From this survivor of the flood would come the generations leading to the birth of our Savior, within Whom we find eternal peace and true rest.

Ultimately, God has given us the greatest gift of all: His Son, Jesus Christ, Who “immediately on the Sabbath…entered the synagogue and taught.” (Mark 1:21) He IS the Sabbath. And look how amazing this is…

Jesus Himself gives us the Bread from Heaven. He feeds us the Bread of Life in the Holy Eucharist, and we do not have to work for this at all. From sin we are cursed to eat bread in the sweat of our face; in Jesus Christ, we are fed with the very Sabbath Rest Himself, Who takes away the sins of the world, has mercy on us, receives our prayers, and feeds us personally. WHOA.

Jesus said to her, “Woman, why are you weeping? Whom are you looking for?” She thought it was the gardener… ~John 20:15 (It was!)
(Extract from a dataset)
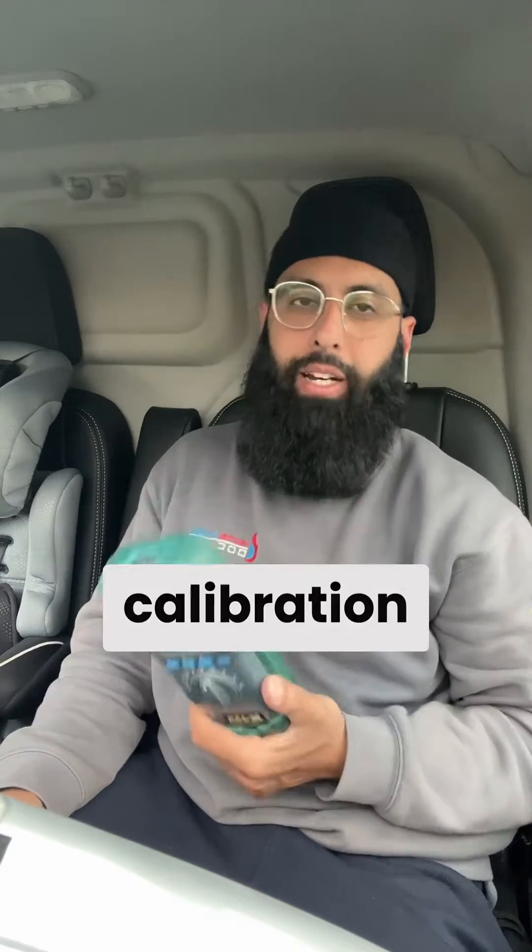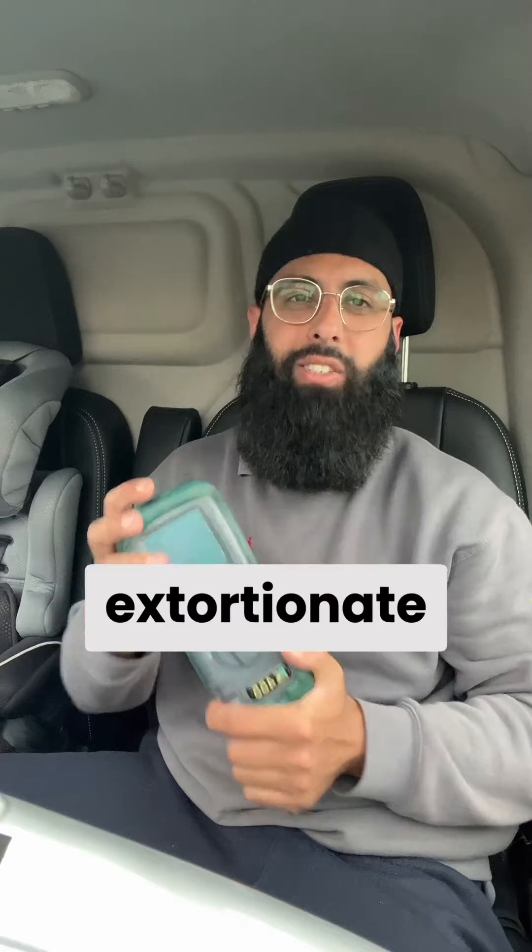Let's talk about FGAs — flue gas analyzers. This one is due for calibration and I've had enough. They're charging extortionate amounts — I believe they're asking £235 to calibrate this FGA. I know it's an old model, over five years old, and it's just not worth it.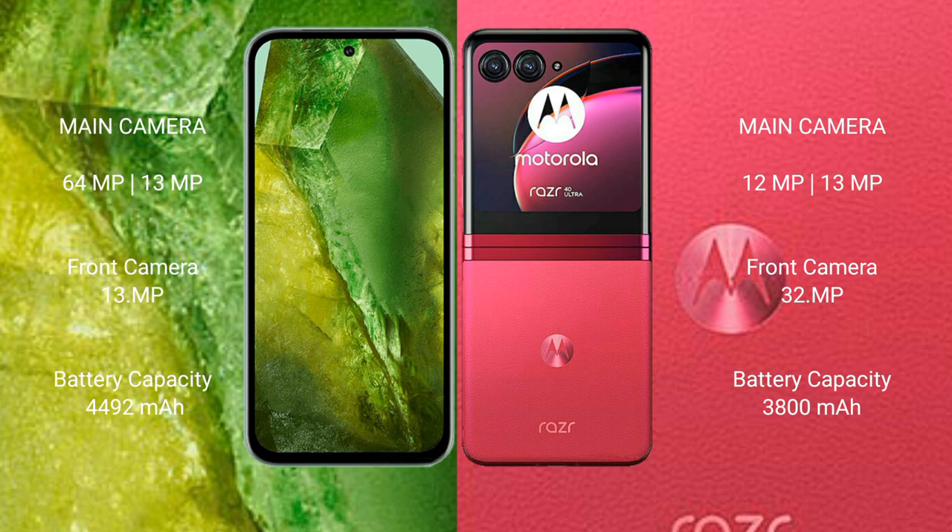Google Pixel 8a has a 4492 mAh battery with 18W fast charging support. Motorola Razr 40 Ultra has a 3800 mAh battery with 30W fast charging support.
Sometimes, I wake up on Sunday mornings wishing I could just sleep in. Getting all our kids out the door seems like work, not rest. I confess to having done my share of grumbling. But look what happens so humbly and miraculously each and every Sunday. Jesus feeds us with His Body and Blood, giving us Bread from Heaven as the antidote to our cursed humanity. There is salvation one-on-one by the Gardener Himself.